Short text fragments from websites
=== Begin Enclosure ===

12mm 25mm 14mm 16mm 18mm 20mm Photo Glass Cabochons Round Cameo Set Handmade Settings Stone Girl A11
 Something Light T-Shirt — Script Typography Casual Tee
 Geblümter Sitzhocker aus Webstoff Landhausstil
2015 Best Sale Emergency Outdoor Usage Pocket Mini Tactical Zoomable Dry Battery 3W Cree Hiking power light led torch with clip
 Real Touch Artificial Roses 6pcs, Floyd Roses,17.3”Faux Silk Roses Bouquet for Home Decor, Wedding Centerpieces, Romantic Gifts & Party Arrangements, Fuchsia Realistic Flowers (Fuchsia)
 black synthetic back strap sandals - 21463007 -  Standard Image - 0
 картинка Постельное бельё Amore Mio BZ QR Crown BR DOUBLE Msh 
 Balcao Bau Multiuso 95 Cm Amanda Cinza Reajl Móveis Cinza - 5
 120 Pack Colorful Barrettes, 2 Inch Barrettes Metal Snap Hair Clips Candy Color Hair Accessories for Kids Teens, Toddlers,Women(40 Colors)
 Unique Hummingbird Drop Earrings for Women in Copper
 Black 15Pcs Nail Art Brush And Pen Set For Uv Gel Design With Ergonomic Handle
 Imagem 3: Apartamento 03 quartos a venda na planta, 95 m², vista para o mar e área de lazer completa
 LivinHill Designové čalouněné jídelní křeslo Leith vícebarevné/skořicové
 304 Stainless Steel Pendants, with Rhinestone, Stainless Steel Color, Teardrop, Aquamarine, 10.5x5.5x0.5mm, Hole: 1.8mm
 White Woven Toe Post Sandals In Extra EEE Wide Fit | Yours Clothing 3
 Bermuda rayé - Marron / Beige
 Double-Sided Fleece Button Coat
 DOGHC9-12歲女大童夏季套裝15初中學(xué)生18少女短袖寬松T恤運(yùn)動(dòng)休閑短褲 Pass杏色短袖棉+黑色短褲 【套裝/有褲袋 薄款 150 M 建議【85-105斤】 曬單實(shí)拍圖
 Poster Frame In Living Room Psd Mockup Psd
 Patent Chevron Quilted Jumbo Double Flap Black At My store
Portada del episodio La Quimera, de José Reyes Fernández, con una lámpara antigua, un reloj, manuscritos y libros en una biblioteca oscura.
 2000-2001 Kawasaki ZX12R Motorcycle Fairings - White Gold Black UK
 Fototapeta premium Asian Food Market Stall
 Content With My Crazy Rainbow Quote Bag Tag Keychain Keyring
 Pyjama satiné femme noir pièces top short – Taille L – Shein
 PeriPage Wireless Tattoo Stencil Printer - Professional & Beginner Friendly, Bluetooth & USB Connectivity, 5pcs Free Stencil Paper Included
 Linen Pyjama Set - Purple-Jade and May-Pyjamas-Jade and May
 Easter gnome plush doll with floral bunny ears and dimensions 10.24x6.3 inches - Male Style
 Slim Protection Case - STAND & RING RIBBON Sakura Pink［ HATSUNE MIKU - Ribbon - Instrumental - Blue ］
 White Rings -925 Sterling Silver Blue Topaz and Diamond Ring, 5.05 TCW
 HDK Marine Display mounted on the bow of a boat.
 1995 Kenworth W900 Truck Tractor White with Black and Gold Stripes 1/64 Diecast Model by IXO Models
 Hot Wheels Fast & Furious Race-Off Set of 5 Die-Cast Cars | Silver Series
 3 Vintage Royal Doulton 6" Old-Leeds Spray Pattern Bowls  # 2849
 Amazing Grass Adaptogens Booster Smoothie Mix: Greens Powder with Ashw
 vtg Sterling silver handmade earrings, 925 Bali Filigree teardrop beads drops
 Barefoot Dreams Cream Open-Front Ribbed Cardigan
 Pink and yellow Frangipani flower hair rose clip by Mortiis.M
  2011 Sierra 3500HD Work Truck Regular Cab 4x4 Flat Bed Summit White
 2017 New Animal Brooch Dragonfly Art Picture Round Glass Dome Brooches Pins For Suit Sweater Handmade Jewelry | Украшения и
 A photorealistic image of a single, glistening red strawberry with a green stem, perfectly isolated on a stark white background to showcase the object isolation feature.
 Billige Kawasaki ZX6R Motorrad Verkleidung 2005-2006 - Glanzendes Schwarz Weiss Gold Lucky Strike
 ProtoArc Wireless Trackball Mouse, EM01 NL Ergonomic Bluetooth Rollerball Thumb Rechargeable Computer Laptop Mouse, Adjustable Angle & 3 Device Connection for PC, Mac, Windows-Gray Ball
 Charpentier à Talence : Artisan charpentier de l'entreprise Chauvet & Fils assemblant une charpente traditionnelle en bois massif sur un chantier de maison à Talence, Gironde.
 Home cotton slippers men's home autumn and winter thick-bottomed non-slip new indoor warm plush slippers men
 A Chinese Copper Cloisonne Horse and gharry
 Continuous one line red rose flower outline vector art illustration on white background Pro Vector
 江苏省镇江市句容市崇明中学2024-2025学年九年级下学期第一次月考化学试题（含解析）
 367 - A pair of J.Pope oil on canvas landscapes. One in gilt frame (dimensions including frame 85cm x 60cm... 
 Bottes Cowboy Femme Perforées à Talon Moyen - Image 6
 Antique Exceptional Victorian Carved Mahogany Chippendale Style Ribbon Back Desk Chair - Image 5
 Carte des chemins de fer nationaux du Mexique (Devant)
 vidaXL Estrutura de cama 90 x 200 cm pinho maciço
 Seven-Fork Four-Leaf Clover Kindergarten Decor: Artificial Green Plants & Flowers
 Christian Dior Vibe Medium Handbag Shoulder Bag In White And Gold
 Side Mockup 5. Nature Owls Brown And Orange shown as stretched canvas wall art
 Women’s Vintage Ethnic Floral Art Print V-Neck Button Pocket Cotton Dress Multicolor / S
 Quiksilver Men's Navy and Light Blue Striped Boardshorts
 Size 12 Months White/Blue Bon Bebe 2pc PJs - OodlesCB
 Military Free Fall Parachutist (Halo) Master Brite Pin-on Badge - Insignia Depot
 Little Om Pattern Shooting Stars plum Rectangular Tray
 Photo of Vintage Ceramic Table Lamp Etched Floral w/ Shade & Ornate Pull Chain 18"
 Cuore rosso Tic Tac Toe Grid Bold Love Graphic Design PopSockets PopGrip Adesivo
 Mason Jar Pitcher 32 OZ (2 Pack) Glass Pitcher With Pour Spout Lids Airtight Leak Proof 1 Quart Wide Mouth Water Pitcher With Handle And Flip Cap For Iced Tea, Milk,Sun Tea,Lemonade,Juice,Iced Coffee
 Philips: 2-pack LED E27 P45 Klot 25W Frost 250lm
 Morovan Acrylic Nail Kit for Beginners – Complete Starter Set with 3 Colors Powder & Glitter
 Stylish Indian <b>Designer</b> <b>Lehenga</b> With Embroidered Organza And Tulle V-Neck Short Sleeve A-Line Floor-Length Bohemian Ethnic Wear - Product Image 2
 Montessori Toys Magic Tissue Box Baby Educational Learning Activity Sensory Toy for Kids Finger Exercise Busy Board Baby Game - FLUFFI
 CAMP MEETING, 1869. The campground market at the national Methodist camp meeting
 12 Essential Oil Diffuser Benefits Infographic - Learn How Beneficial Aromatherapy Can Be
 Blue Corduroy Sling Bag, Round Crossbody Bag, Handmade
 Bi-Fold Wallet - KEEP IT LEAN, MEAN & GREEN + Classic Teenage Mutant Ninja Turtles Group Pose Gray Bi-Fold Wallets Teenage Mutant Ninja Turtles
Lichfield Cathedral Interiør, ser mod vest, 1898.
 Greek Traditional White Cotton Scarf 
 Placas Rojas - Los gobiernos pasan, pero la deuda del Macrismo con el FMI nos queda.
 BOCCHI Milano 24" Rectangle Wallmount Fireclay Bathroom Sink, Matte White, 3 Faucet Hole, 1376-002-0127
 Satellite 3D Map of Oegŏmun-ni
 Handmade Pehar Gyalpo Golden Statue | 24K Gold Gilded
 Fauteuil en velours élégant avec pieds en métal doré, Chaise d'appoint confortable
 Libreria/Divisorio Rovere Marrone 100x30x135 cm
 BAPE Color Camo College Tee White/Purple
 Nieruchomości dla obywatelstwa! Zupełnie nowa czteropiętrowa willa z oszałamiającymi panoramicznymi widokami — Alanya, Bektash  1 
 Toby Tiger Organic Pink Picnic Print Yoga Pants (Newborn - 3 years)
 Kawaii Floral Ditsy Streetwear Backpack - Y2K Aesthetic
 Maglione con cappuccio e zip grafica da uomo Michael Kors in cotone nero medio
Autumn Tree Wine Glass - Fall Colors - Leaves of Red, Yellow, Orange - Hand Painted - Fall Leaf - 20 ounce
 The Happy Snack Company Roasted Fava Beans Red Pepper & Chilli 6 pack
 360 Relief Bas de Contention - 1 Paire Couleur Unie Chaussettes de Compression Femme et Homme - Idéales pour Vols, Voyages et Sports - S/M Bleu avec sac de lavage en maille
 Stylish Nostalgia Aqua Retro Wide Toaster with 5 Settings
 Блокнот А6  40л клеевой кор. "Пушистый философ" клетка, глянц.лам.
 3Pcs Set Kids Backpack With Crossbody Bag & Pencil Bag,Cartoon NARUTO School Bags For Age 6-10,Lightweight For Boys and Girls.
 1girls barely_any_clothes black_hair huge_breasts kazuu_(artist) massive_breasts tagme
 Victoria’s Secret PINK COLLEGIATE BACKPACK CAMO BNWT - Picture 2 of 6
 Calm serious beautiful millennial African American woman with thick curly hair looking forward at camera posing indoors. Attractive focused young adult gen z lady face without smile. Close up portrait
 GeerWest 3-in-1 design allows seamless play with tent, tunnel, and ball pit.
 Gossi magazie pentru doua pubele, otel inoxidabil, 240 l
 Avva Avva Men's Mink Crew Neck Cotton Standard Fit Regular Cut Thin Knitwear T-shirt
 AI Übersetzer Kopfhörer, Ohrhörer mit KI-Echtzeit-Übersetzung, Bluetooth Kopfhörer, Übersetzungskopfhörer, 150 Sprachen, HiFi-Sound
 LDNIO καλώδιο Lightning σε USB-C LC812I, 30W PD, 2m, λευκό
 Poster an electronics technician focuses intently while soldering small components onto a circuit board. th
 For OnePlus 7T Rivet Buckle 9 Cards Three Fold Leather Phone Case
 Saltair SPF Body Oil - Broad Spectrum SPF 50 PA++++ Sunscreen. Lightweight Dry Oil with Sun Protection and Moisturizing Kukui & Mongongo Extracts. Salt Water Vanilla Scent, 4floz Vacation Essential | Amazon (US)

=== End Enclosure ===

> _What you will do_:
Return, word for word, the lines of the data above from the line with "Avva Avva Men's" through the line with "Poster an electronics", inclusive.

> _Your response_:
 Avva Avva Men's Mink Crew Neck Cotton Standard Fit Regular Cut Thin Knitwear T-shirt
 AI Übersetzer Kopfhörer, Ohrhörer mit KI-Echtzeit-Übersetzung, Bluetooth Kopfhörer, Übersetzungskopfhörer, 150 Sprachen, HiFi-Sound
 LDNIO καλώδιο Lightning σε USB-C LC812I, 30W PD, 2m, λευκό
 Poster an electronics technician focuses intently while soldering small components onto a circuit board. th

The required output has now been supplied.